Parallel Computation of Statistics of a Large Array

Overview

Teaching: 30 min
Exercises: 30 min

Questions

How do we convert a serial program to a parallel program using MPI?

Objectives

Demonstrate the step-by-step conversion of a serial program to a parallel program.

Create a parallel program that computes statistics on a large array from the given serial code.

Investigate parallel speedup and introduction to Amdahl’s Law.

Identify multiple ways to improve (in terms of runtime) the parallel code.

Improvement by utilizing compiled-language routines/libraries instead of pure Python

Parallel Computation of Statistics of a Large Array

Problem Introduction

Execute rand_reduction.py, that computes the mean and standard deviation of a large set of random numbers (N=10,000,000) in serial (and afterwards, in parallel). First, we will gain an understanding of the serial code (rand_reduction.py) and note the total time. Run the code three times to get an idea of the real run time (there is a fluctuation in the timing). Second, identify and then add timing for the different sections of code.
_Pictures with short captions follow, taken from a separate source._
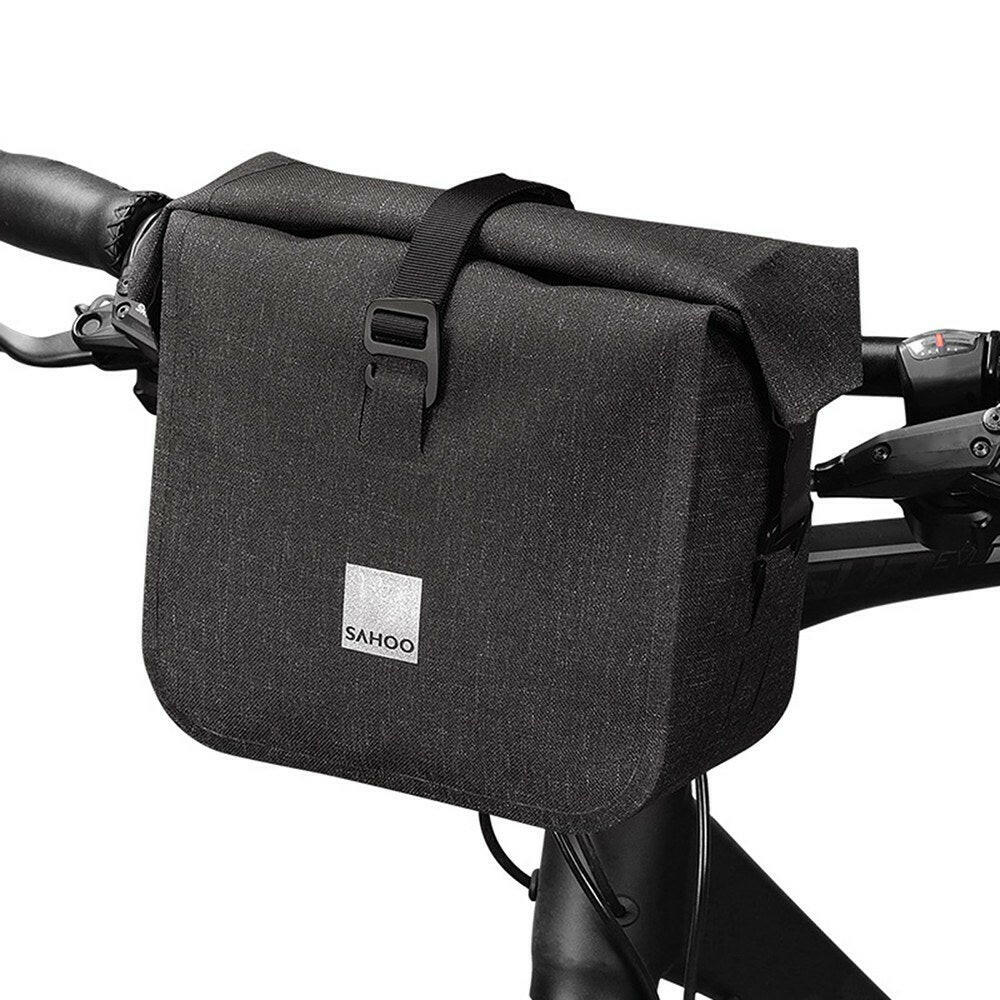 Waterproof Bike Handlebar Bag Front Bicycle Basket Cycling Handlebar Storage Bag Road Bike Bag-WAYBIKER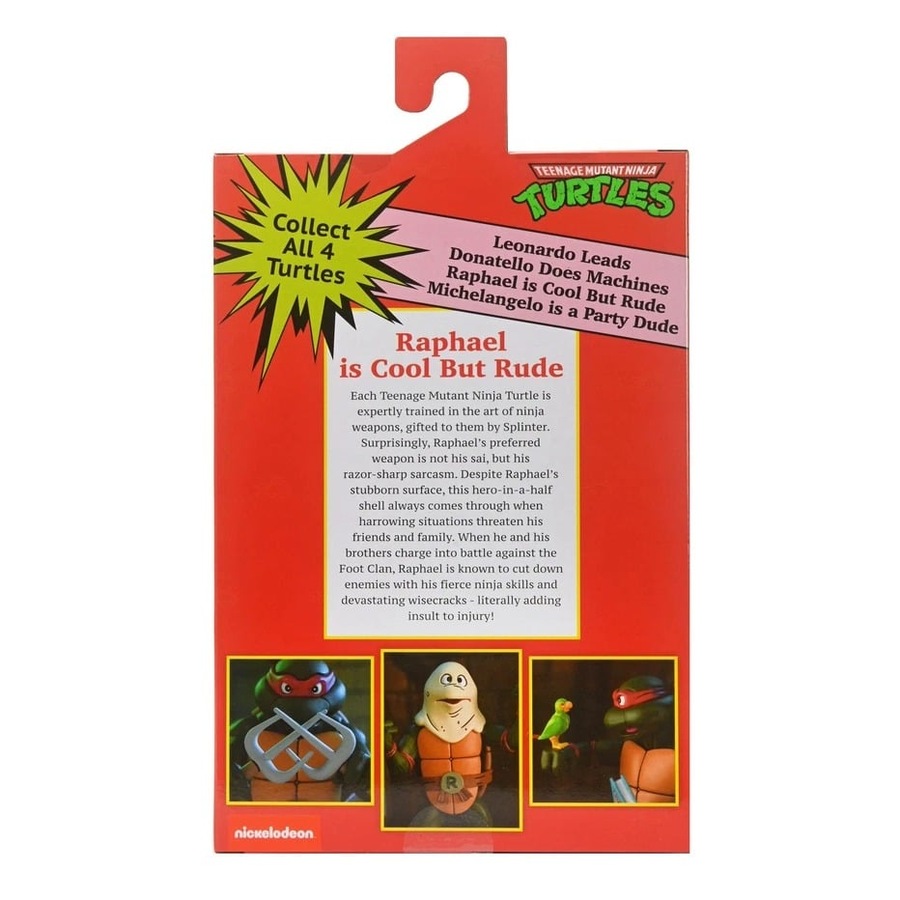 NECA Teenage Mutant Ninja Turtles VHS Ultimate Raphael 7 inch Action Figure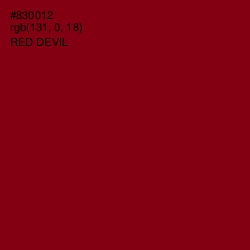 #830012 - Red Devil Color Image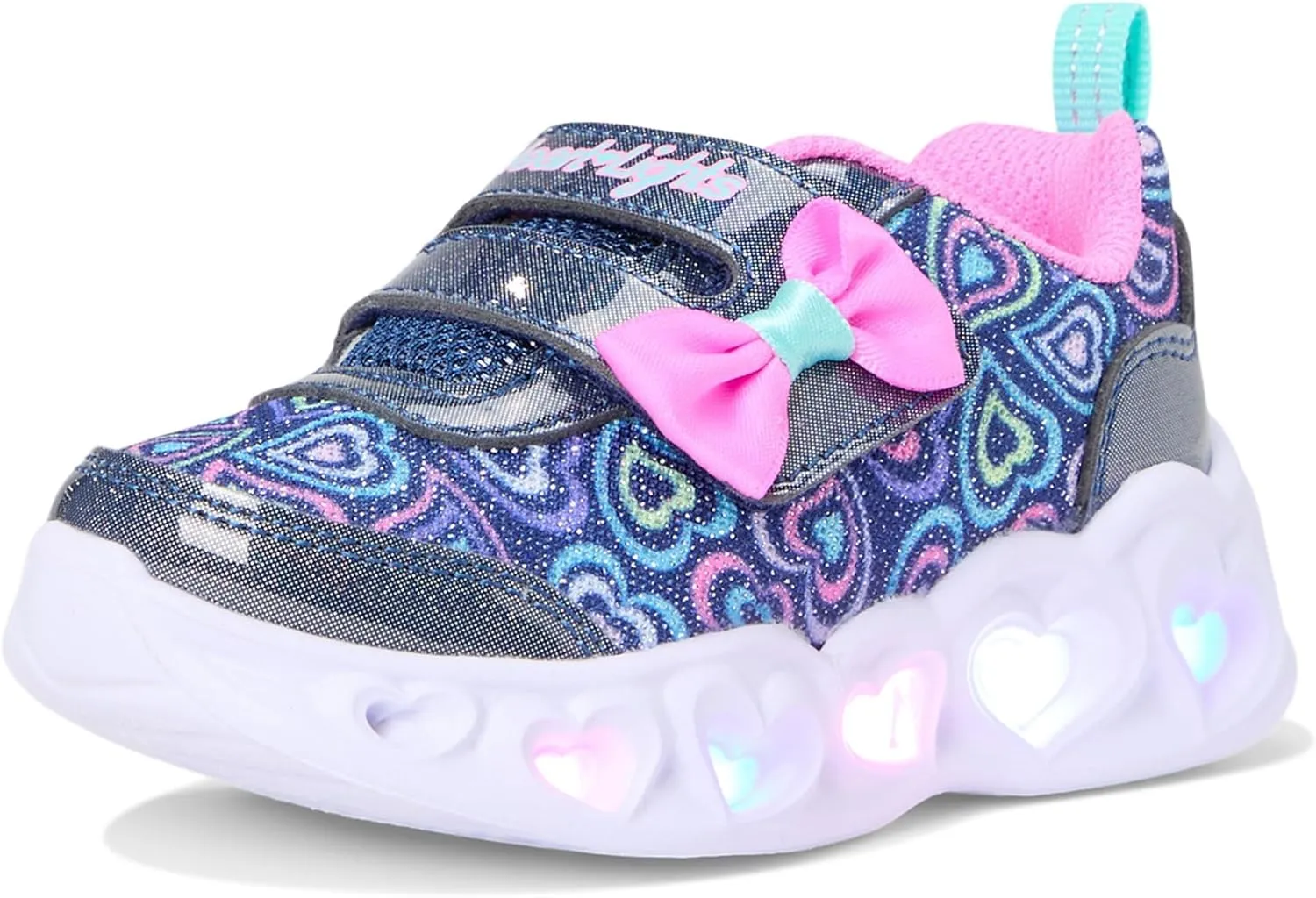 Skechers Girl's Heart Lights-Boogie Land Sneaker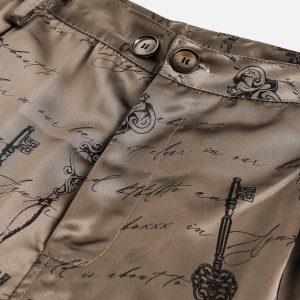 Concert Outfit Print Silk Shorts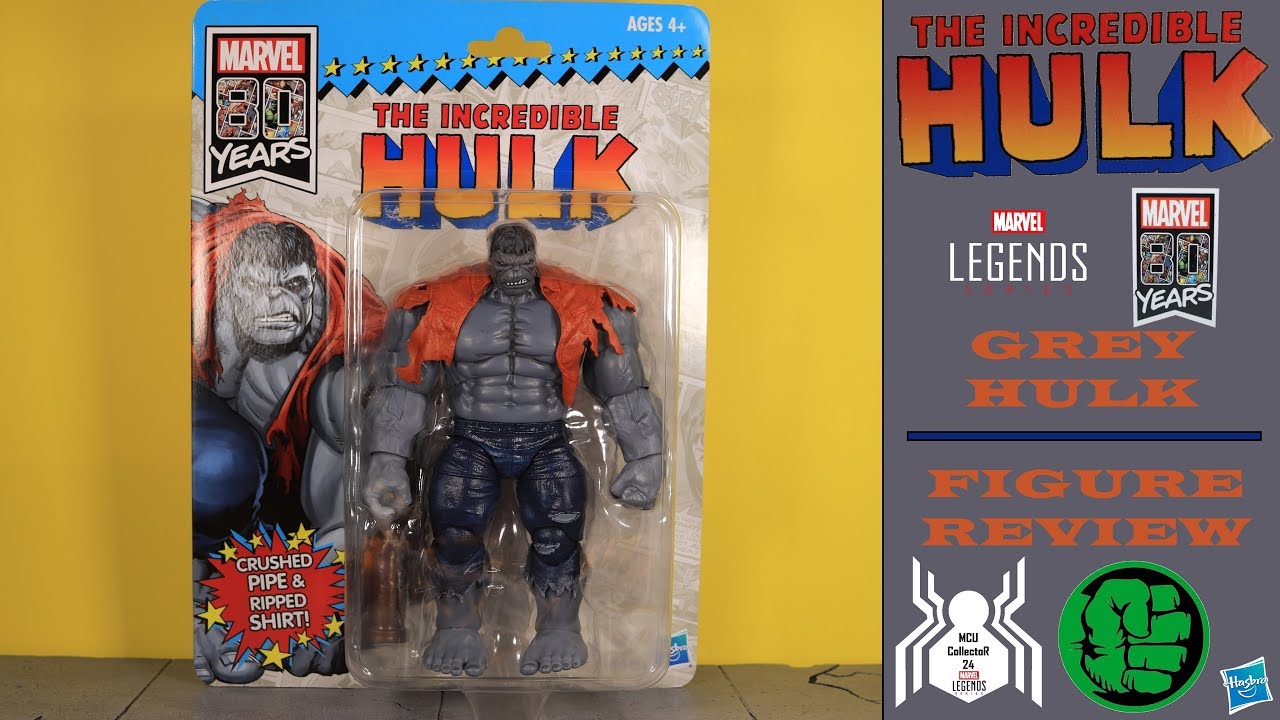 Marvel Legends Retro GREY HULK Convention Exclusive Figure Review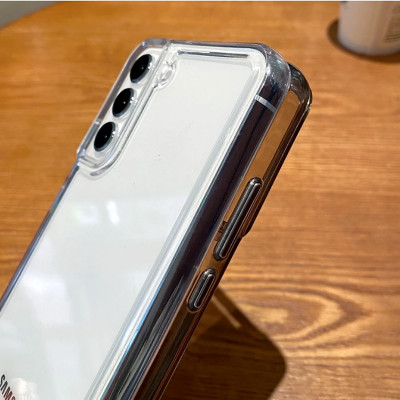 Ốp lưng chống sốc trong suốt cho Samsung Galaxy S24 FE hiệu Likgus Crashproof giúp chống chịu mọi va đập- hàng nhập khẩu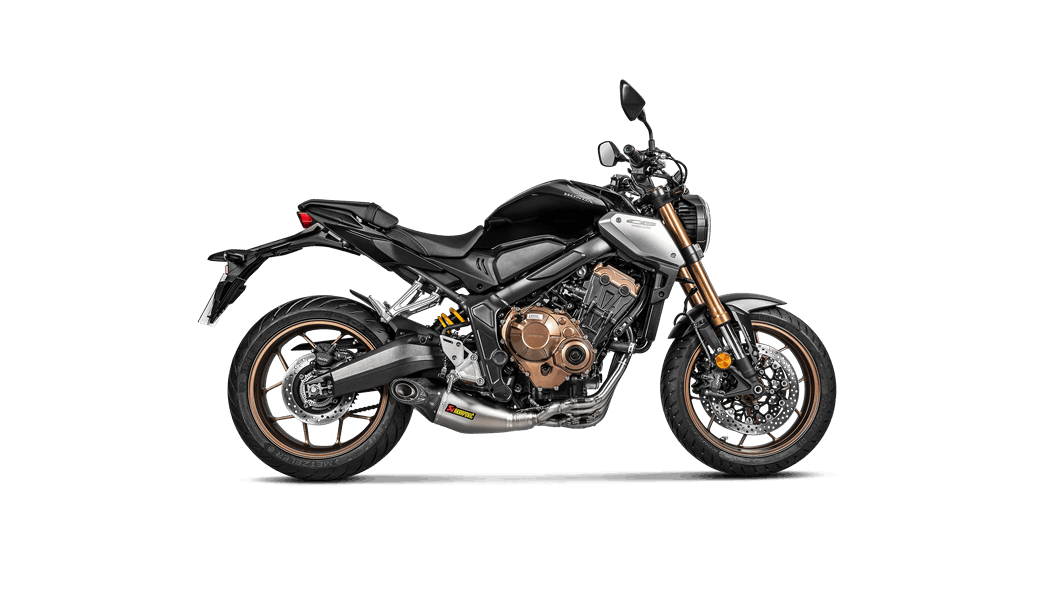 Akrapovic Racing Exhaust System Honda CB650R (2019+) and CBR650F / CB650F (14-18)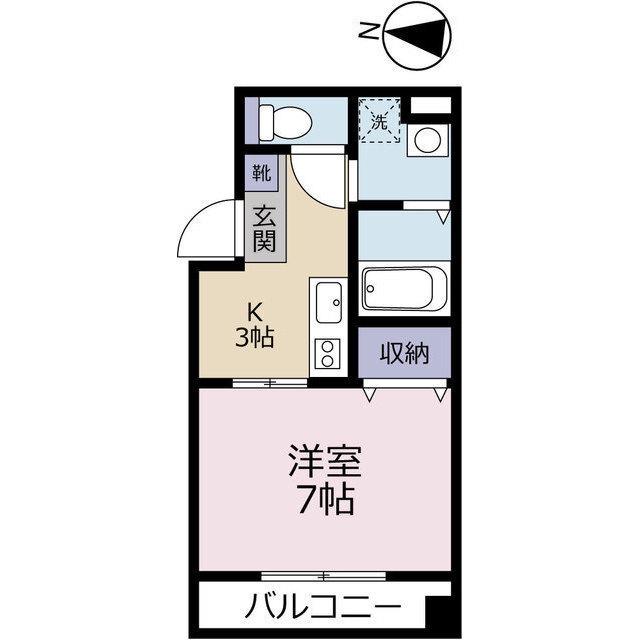 ティファニーIZUMI(1K/3階)の間取り写真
Third, change the serial code into parallel.

Part 1: Exploring the serial version of the serial code

Navigate to /handson/reduction/. This code is saved under rand_reduction.py (and rand_reduction.slurm).

#!/usr/bin/env python3
# rand_reduction.py computes the mean and standard deviation
# of a large set of random numbers in serial.
#

import sys
import time
import numpy

startTime = time.time()

# Randomly generate numbers to sum over:
COUNT = 10000000
SEED = COUNT    #random seed is the same as COUNT

# We use a hard-coded random seed so the random numbers are always identical
# across all runs.
numpy.random.seed(SEED)
NUMBERS = numpy.random.random((COUNT,))

# numbers_w will be the array of data assigned to this worker
# to sum over:
numbers_w = NUMBERS

print("Sum", len(numbers_w), "numbers")
if len(numbers_w) > 6:
    print("Numbers to sum: ", numbers_w[:3], "...", numbers_w[-3:])
else:
    print("Numbers to sum: ", numbers_w)

# Compute the sum of the numbers (--> sum_w)
# and the sum of the square of the numbers (--> sum2_w).
# We could have used the `sum` built-in function here;
# but we choose the slower route so that we can "feel" the work.
sum_w = 0
sum2_w = 0
for n in numbers_w:
    sum_w += n
    sum2_w += n * n

# Report the temporary results here
print("Sum of numbers: ", sum_w)
print("Sum of squares: ", sum2_w)

ALL_SUM = sum_w
ALL_SUM2 = sum2_w

STD_DEV = numpy.sqrt(ALL_SUM2 / COUNT - (ALL_SUM/COUNT)**2)

endTime = time.time()

print("Total sum of all the numbers = ", ALL_SUM)
print("Average of all the numbers   = ", ALL_SUM/COUNT)
print("Std dev of all the numbers   = ", STD_DEV)
print("Total run time               = {:.3f} s".format(endTime - startTime))

(Total) Serial Timing Exercise

Run rand_reduction.py using rand_reduction.slurm four times and note the total time. This gives an idea of the real run time, since there is a slight fluctuation in the timing per run.

Solution

Run 1: 4.179s, Run 2: 4.004s, Run 3: 4.004s, and Run 4: 4.165s. Average total run time is 4.088 seconds.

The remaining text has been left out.